Only the lines below from the one containing "this 592×333 image." through the last line should be set down, exactly as written and with no pictures.

Given entries section start

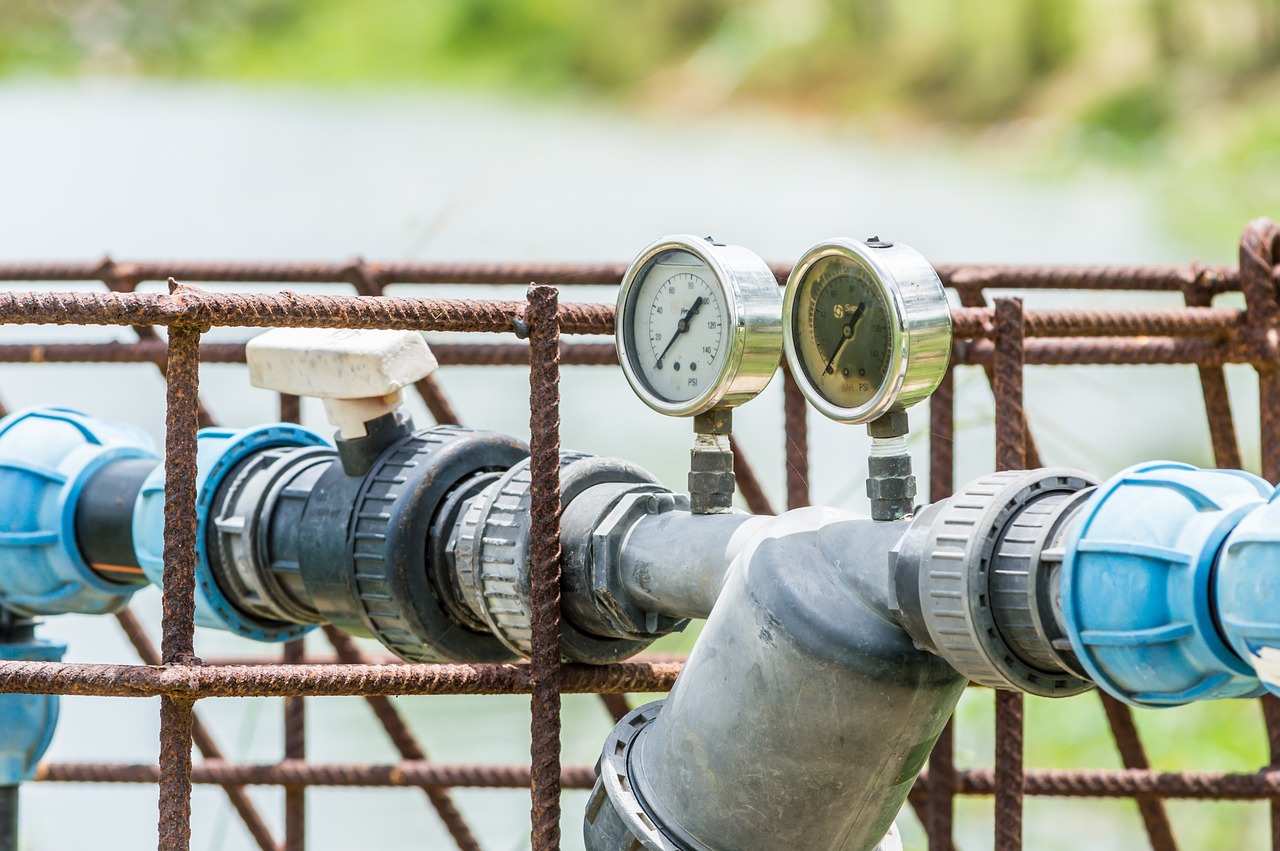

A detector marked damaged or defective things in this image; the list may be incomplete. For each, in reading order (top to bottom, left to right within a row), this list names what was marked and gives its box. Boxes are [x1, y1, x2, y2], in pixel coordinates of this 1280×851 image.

rusty steel bar [0, 289, 616, 335]
rusty steel bar [113, 606, 280, 849]
rusty steel bar [0, 655, 680, 696]
rusty steel bar [325, 624, 483, 849]
rusty steel bar [527, 286, 563, 849]
rusty rebar grid [0, 223, 1274, 849]
rusty steel bar [732, 435, 778, 514]
rusty steel bar [778, 360, 808, 511]
rusty steel bar [993, 294, 1024, 849]
rusty steel bar [1100, 691, 1177, 849]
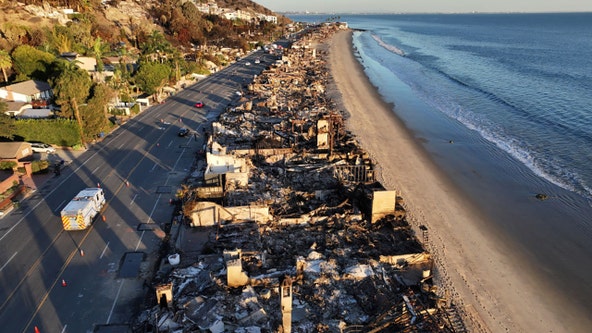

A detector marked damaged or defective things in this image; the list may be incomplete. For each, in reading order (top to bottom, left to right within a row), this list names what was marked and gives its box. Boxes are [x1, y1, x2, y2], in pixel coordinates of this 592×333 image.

charred debris [135, 23, 468, 332]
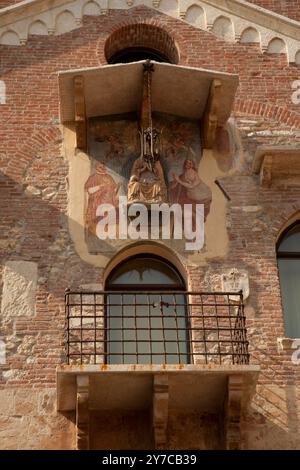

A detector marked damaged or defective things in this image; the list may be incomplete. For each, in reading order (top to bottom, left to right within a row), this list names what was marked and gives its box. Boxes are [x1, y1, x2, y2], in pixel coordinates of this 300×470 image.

rusty iron railing [64, 290, 250, 368]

Given entries section end

**Solution to this problem**
A detector marked damaged or defective things in this image; the list may be incomplete. For each, in reading order (top to bottom, left to right within a row), this list names what was marked and gives its box. Boxes are [x1, y1, x2, y2], in pixel coordinates of this 592×333 image.

charred debris [135, 23, 468, 332]

A detector marked damaged or defective things in this image; the list may be incomplete. For each, in reading order (top to bottom, left to right within a row), this list names what was marked and gives its box. Boxes are [x1, y1, x2, y2], in pixel coordinates of this 300×470 image.

rusty iron railing [64, 290, 250, 368]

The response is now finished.